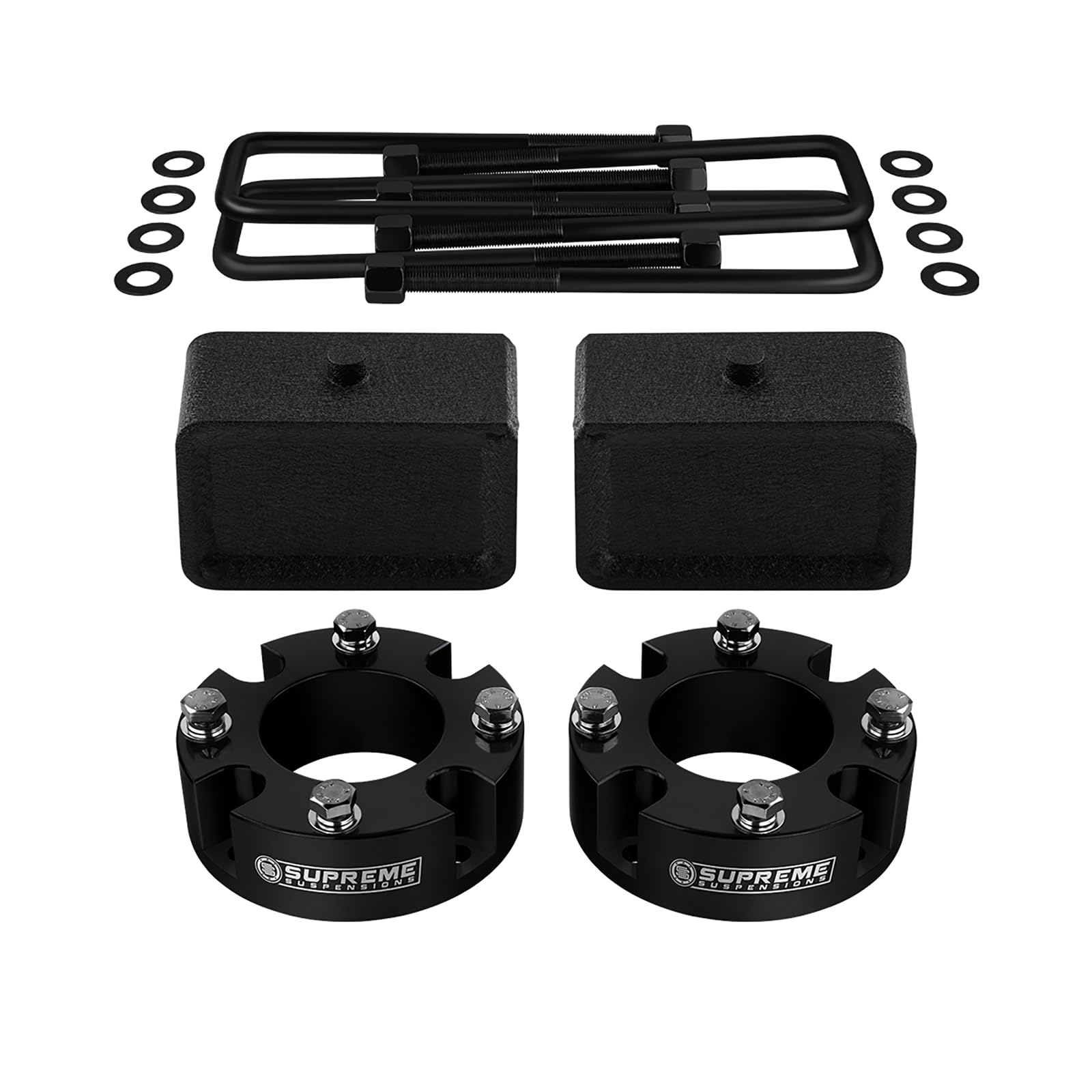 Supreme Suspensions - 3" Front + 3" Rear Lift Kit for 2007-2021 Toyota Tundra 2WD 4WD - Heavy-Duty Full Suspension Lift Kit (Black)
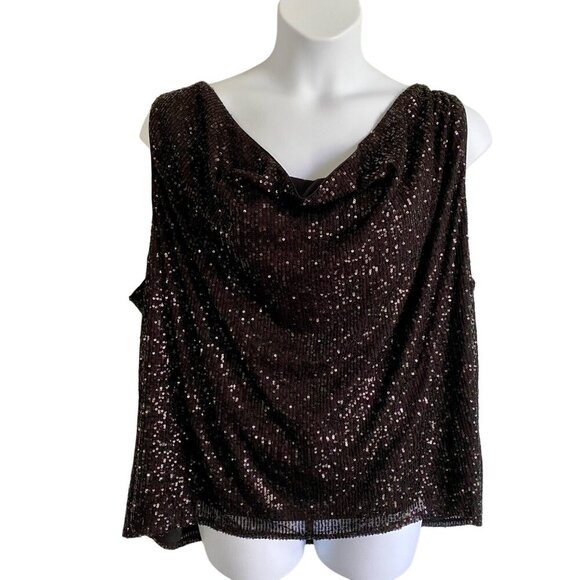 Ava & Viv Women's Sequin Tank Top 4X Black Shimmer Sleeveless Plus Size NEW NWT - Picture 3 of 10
● ● ● ● ● ● ●
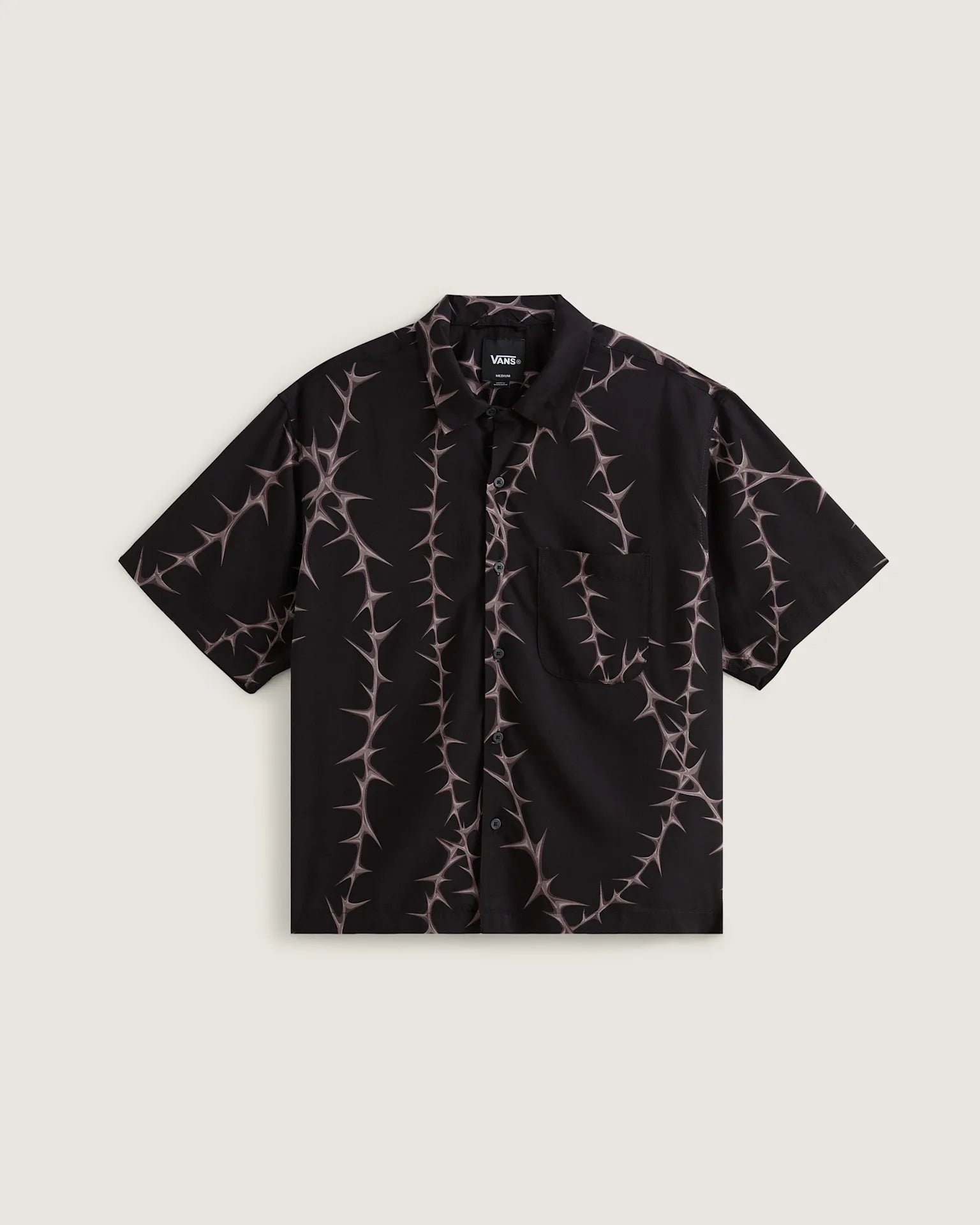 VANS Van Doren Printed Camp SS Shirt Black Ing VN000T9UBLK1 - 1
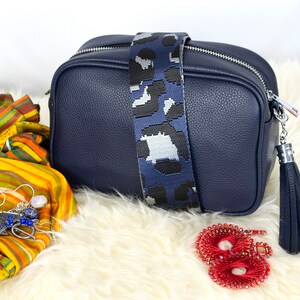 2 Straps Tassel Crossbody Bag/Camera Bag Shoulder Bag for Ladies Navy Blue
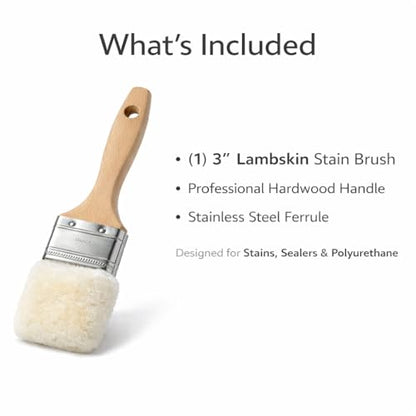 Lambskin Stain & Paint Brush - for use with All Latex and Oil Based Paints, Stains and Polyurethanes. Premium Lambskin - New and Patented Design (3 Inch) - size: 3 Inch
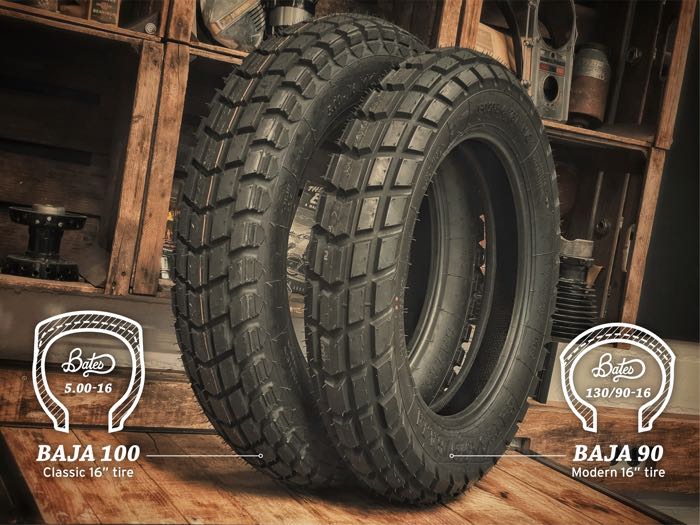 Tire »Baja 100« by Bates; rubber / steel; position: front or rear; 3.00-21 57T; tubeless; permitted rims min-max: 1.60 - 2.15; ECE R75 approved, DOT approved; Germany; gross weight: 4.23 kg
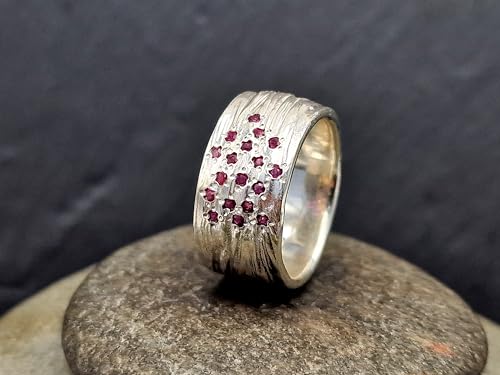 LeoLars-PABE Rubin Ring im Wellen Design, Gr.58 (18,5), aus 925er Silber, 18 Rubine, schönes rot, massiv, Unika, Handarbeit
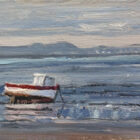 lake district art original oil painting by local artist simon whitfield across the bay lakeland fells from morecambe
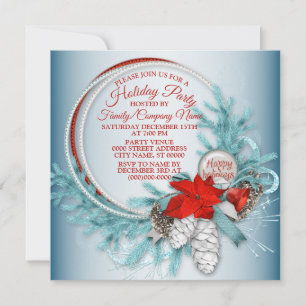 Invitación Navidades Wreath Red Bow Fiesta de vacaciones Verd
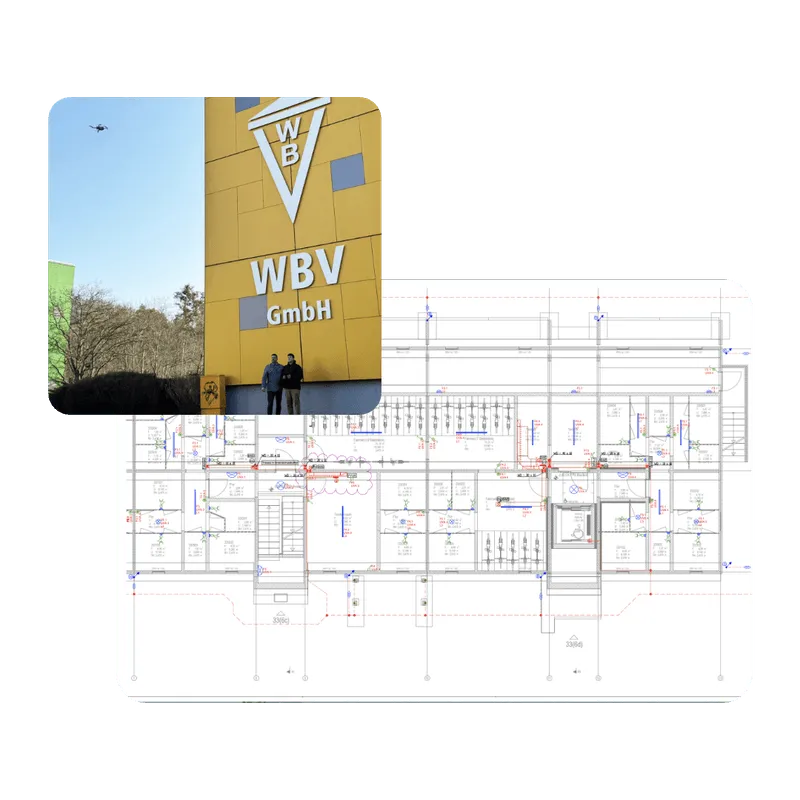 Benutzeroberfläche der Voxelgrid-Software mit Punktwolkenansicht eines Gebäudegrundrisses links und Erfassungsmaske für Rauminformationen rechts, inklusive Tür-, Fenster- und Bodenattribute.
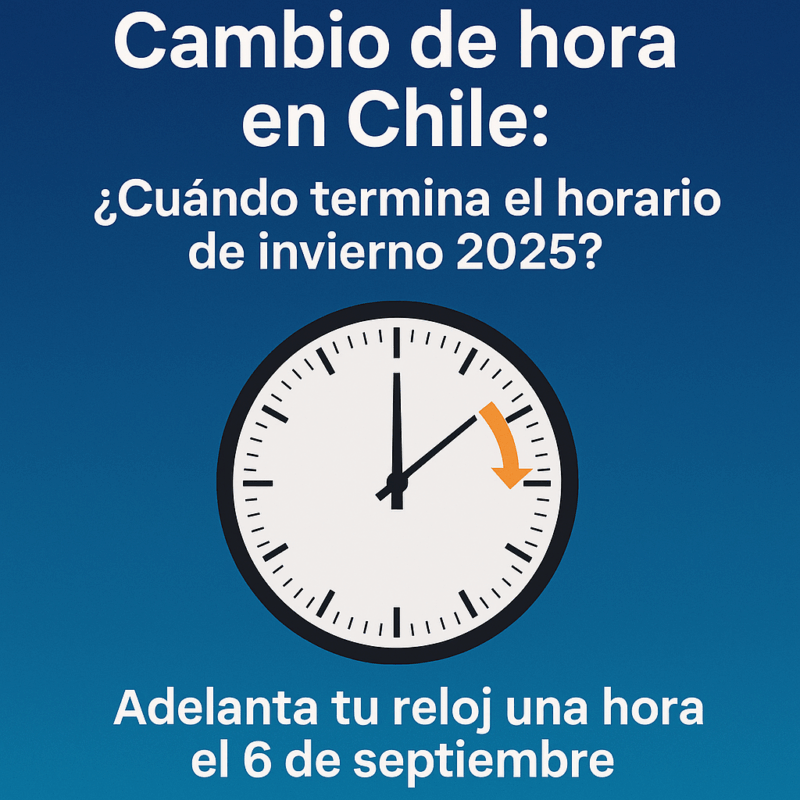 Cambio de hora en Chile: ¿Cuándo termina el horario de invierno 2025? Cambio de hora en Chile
● ● ● ● ● ● ●
[WORK REQUEST]: Print from the line containing "weight: 4.23 kg" through the line containing "Cambio de hora en Chile: ¿Cuándo" in the data above, exactly as the lines stand, and omit every picture.

[SOLVED EXERCISE]:
 Tire »Baja 100« by Bates; rubber / steel; position: front or rear; 3.00-21 57T; tubeless; permitted rims min-max: 1.60 - 2.15; ECE R75 approved, DOT approved; Germany; gross weight: 4.23 kg
 LeoLars-PABE Rubin Ring im Wellen Design, Gr.58 (18,5), aus 925er Silber, 18 Rubine, schönes rot, massiv, Unika, Handarbeit
 lake district art original oil painting by local artist simon whitfield across the bay lakeland fells from morecambe
 Invitación Navidades Wreath Red Bow Fiesta de vacaciones Verd
 Benutzeroberfläche der Voxelgrid-Software mit Punktwolkenansicht eines Gebäudegrundrisses links und Erfassungsmaske für Rauminformationen rechts, inklusive Tür-, Fenster- und Bodenattribute.
 Cambio de hora en Chile: ¿Cuándo termina el horario de invierno 2025? Cambio de hora en Chile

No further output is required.